According to the victim in State v. Tatum, he was sitting in his car, waiting for a friend, when Tatum came up, pulled a gun, and divested him of money and a cell phone. At trial, though, another story emerged: the victim admitted he was waiting for his drug dealer to buy marijuana. The defense attorney elicited some more admissions on cross-examination: that Tatum had offered to sell the victim what he wanted. In closing argument, the attorney contended that this was really a drug deal gone bad: Tatum had sold the victim some bogus weed, and the angered victim had thus claimed he'd been robbed at gunpoint.
Actually, the attorney tried to advance that contention: the prosecutor objected, and the judge shut him off, finding that he was arguing facts not in evidence. I made what I thought was a clever argument, devoting the first several pages of the brief to the importance of closing argument, and of it being the chance for the attorney to argue his theory of the case, and that denial of this opportunity would be a denial of the right to counsel. I found some good cases on the difference between arguing a theory and asserting facts not in evidence, and sure enough, the 8th District agreed that the judge had erred in shutting down the argument. That nifty little argument about it being a denial of Tatum's right to counsel was an attempt to get into constitutional error, but it turned out not to matter: the court held that even under the non-constitutional standard, it was error. So much for clever, huh?
Back in 2004, Bennie Herring was arrested in Coffee County, Alabama, on an outstanding arrest warrant, and a search of Herring revealed he was carrying drugs. It turned out the warrant had been recalled five months earlier. Herring argued that made the search invalid, but when the case finally made its way to the Supreme Court five years later, the Court held that mere negligent errors in the maintenance of warrants wasn't enough to trigger the application of the exclusionary rule.
In State v. Scott, the State seeks refuge in Herring: Scott too had been stopped on a warrant that turned out to be bad. But there was a huge difference. Scott had been stopped on the same warrant a month earlier, and the cops had learned that the warrant was actually for another person who'd been using Scott's name. Indeed, the very day after the first stop, Scott went to the police station and made a report about the fraudulent use of his name. Nonetheless, he was stopped on the same warrant a month later, and when the cops patted him down, they found two small bags of drugs.

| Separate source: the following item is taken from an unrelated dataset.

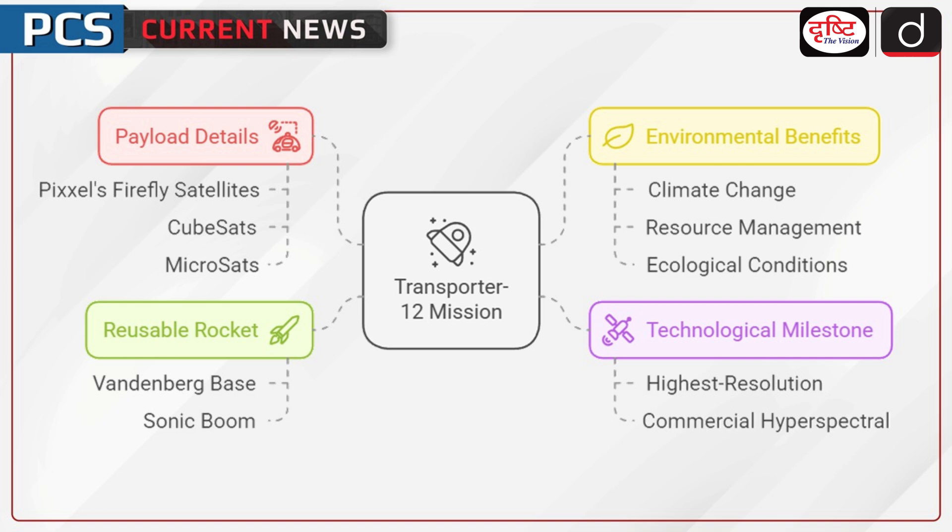Let us talk about key highlights of the mission payload. Transporter 12 carried 131 payloads, including Pixel's Firefly satellites and various CubeSats and Microsats. Technological milestone: Firefly satellites are the highest resolution commercial hyperspectral satellites, providing near real-time data. Environmental benefits: offers insights into climate change, resource management, and ecological conditions with unmatched precision.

The trial judge upheld the search on the basis of Herring, but Herring left an opening: the exclusionary rule still applied where the retention of the invalid warrant was "reckless, or grossly negligent conduct, or recurring or systematic negligence." A shoutout to both Scott's trial and appellate attorneys: trial counsel called four witnesses, and built a very good record on the police failure to remedy the false warrant.
I had an oral argument in the 8th several months ago, where one of the judges pointed out that a prior case from the district seemed to run contrary to my position. "That's the wonderful thing about this District," I replied, "You can find a case to support just about anything." Flippant, but true: with 220 possible combinations of judges for any particular panel, the chances of moderately conflicting decisions increase exponentially.
And so it is with appellate review of sentencing, especially consecutive sentences. Previous decisions of the court have held that the court will review the issue to determine whether the record "clearly and convincingly" shows that consecutive sentences are not supported," but just two weeks ago, in State v. Thompson (discussed here), the court seemed to hold that its review of consecutive sentencing was limited to determining whether the trial court made the required statutory findings. Forget "seemed": the court doubled down on that position last week, holding in State v. Jones that "we may only review the legal question of whether the court complied with its statutory obligation to make certain findings before ordering a defendant to serve sentences consecutively." That also seemed to be the position of the panel in State v. Moon, which upheld a 60-to-life sentence, finding that the judge made the required findings, and calling it a day.
This is an unfortunate development. Whether to run sentences consecutively is the single most important decision that a judge can make in the sentencing process (other than deciding whether to send a defendant to prison at all). A judge should have wide discretion in making that determination, but the purpose of appellate review is to moderate the excesses of that discretion. The 8th District has read itself out of that equation; its only function now is to check to see whether the judge made the necessary findings. One of the more troubling aspectsof Jones is that it seems to encourage trial judges to make the rote findings, and discourages them from putting any thought into whether consecutive sentences are appropriate:
We stress yet again that R.C. 2929.14(C)(4) does not require the court to support its findings with reasons. All the court need do is make the separate and distinct findings required by the statute.
This is not the way it should work. The statute on appellate review clearly allows the court to determine whether the record supports imposition of consecutive sentences, under an extremely deferential standard of review. There's no reason the court shouldn't take the opportunity to do that.